Looking at the pollution, I believe it has a lot to do with Job. As Job lay there with everything gone, he still stay unpolluted in spirit. Though not in body. He finally did become polluted by the constant prodding of his friends. But God was more than impressed with the faith that he showed, and forgave. Jon, with the experiences that you went through, betrayal would seem to me to be at the top of the list for your anger. Please ask God to help you forgive those that did this, no matter if you want to let go of it yet, or not. Just give it to God, and let him deal with it. Remember, happiness is part of living in Grace. If the happiness is gone, only God can replace it.

Wendy ftfs said...

You are being torn from the place of comfort ... into the living world of the Holy Spirit ... an exciting world indeed ... a more peace filled world than you have left ... believe it or not ... but ... you will have to let go and accept its lowly, yet fulfilling position when you are ready ...

I'm thinking that you may have asked the Lord to do this for you ... not knowing how or under what circumstances he may do it ... He's pretty cool ...

Susan said...

v.27 Maybe it is different things for different people. For me not being "polluted" means not filling my mind with excessive TV etc. since I find my mind will continually think about what I have watched and not about those things I should think about ... true, noble, right, pure, lovely, admirable things.

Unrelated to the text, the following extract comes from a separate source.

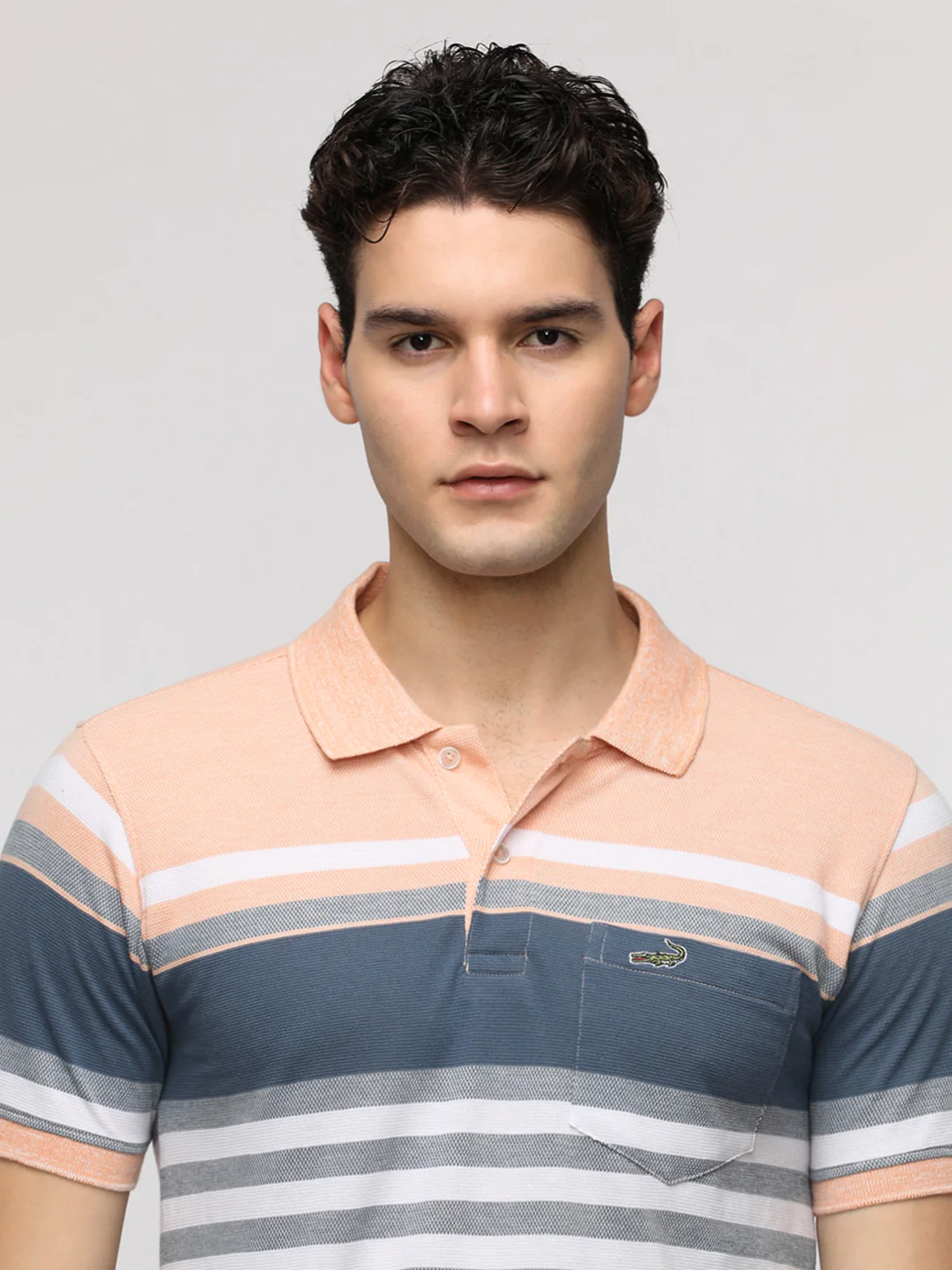 Engineered Striped Coral Slim T-Shirt with Cotton Poly Blend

According to Piper (author of Desiring God) we are suppose to experience joy in the midst of trials since His joy is the strength that gets us through the trial but I'm still thinking about how this works.

Wendy ftfs said...

I don't think I agree with Piper ... there is very little joy in a severe trial such as losing a child or a divorce or a betrayal of someone you have trusted and considered a friend or a myriad of other things that plague the human race ... we are to consider it joy meaning that this is something that will make you perfect and entire, wanting nothing, but the trial itself is rarely pleasant and it is ok to feel that way at the time ... there is a grieving process, pain and there are no feelings of joy in it.
The joy of the Lord is our strength ... because we know we are loved no matter what is happening to us ... and we know that love from our God will keep us and heal us and somehow work together for our good.

jON said...

from what i can deduce, the pollution or staining is something that leaves a mark on your inner being, corrupting the purity of your relationship with god and the resulting life that comes from that. whatever that life may be. which, then, to me, would seem to be a very personal thing as to what it would be for each person. because what will distract and damage my inner being will not be the same for you and vice versa.

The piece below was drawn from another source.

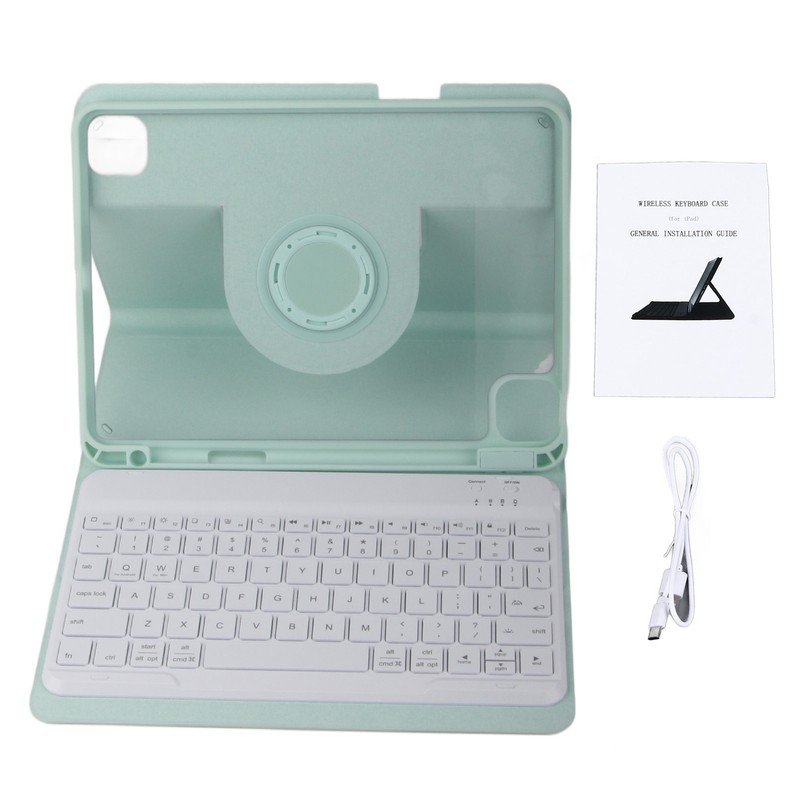 Tablet Protective Case Light Green Folding Stand Cover with Keyboard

thank you nate for your admonition. i DO want to forgive. i have been ready to let go since the beginning. i don't like having my inner being fucked with like this. i don't enjoy the coursing darkness and negativity taht comes to find me at different times. and mostly, i want to stop arguing with these people in my head. i just want it gone. and fortunately, since the start of the new year, things have improved greatly and i feel much more like my old self again.

as to joy in pain... there are moments when the world is falling apart and you have peace and joy abundant. rest in that. and at othre times you are shredded and have nothing resembling those emotions. i say be honest about that as well. for it is hard to move on when you don't even know where you are truly at. i have just seen too many of "job's comforters" running around doing far more damage than they know in situations like these. as greg boyd said on a radio sermon i heard a couple of weeks ago, "what job's friends are saying may be theologically accurate... that sometimes god does send horrible consequences on people for sin, that is not always the case. and to use truth in such a fashion as this misses the scope of our loving god entirely. to use truth to shove down a person who is already hurting... to use truth to tell a parent who just lost a child, 'this may be your fault after all...' is abusive and wrong and has existed in the church for far too long."